TASK PROMPT:
Stopping at the line that holds "Hertz DCX 170.3", repeat the lines below exactly, starting from the very first and including that final line.

DATASET ENTRIES:
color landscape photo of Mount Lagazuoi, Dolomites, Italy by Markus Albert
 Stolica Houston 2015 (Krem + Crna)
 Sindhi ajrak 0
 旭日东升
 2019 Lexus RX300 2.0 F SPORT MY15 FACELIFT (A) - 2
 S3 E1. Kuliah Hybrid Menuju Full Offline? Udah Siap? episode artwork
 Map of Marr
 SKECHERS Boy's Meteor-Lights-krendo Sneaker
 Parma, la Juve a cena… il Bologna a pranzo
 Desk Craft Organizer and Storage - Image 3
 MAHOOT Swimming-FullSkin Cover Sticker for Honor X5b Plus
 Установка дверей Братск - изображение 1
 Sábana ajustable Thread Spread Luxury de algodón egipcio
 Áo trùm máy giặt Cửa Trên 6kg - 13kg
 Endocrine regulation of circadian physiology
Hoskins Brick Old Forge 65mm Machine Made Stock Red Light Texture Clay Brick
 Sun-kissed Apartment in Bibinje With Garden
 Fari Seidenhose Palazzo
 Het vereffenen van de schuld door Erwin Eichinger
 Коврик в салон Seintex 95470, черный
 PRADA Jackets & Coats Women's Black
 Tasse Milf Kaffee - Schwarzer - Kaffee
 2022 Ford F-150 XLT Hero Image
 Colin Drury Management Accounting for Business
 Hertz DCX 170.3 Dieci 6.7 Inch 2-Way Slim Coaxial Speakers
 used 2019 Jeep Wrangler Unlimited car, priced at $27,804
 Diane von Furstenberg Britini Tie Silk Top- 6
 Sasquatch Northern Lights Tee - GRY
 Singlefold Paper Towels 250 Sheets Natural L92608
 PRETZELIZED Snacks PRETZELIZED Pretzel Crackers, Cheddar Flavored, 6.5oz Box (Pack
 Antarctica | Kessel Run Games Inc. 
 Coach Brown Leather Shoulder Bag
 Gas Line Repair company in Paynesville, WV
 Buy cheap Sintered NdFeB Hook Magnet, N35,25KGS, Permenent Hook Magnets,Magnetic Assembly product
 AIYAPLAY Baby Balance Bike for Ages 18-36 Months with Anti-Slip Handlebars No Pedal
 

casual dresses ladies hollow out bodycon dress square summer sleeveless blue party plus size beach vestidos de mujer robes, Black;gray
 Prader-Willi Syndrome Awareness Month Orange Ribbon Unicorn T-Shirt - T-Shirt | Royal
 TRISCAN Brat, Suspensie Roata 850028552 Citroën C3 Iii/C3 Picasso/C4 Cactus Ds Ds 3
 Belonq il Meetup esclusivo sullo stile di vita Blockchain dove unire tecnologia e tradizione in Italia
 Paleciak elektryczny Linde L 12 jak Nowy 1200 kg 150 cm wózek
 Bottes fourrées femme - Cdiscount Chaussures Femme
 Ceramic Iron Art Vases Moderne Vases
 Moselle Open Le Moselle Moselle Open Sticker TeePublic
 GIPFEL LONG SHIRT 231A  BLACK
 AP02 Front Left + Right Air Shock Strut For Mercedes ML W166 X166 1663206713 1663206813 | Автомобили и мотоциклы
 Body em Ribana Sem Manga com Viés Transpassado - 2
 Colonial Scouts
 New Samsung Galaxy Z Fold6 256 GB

SOLUTION FOR THIS PROBLEM:
color landscape photo of Mount Lagazuoi, Dolomites, Italy by Markus Albert
 Stolica Houston 2015 (Krem + Crna)
 Sindhi ajrak 0
 旭日东升
 2019 Lexus RX300 2.0 F SPORT MY15 FACELIFT (A) - 2
 S3 E1. Kuliah Hybrid Menuju Full Offline? Udah Siap? episode artwork
 Map of Marr
 SKECHERS Boy's Meteor-Lights-krendo Sneaker
 Parma, la Juve a cena… il Bologna a pranzo
 Desk Craft Organizer and Storage - Image 3
 MAHOOT Swimming-FullSkin Cover Sticker for Honor X5b Plus
 Установка дверей Братск - изображение 1
 Sábana ajustable Thread Spread Luxury de algodón egipcio
 Áo trùm máy giặt Cửa Trên 6kg - 13kg
 Endocrine regulation of circadian physiology
Hoskins Brick Old Forge 65mm Machine Made Stock Red Light Texture Clay Brick
 Sun-kissed Apartment in Bibinje With Garden
 Fari Seidenhose Palazzo
 Het vereffenen van de schuld door Erwin Eichinger
 Коврик в салон Seintex 95470, черный
 PRADA Jackets & Coats Women's Black
 Tasse Milf Kaffee - Schwarzer - Kaffee
 2022 Ford F-150 XLT Hero Image
 Colin Drury Management Accounting for Business
 Hertz DCX 170.3 Dieci 6.7 Inch 2-Way Slim Coaxial Speakers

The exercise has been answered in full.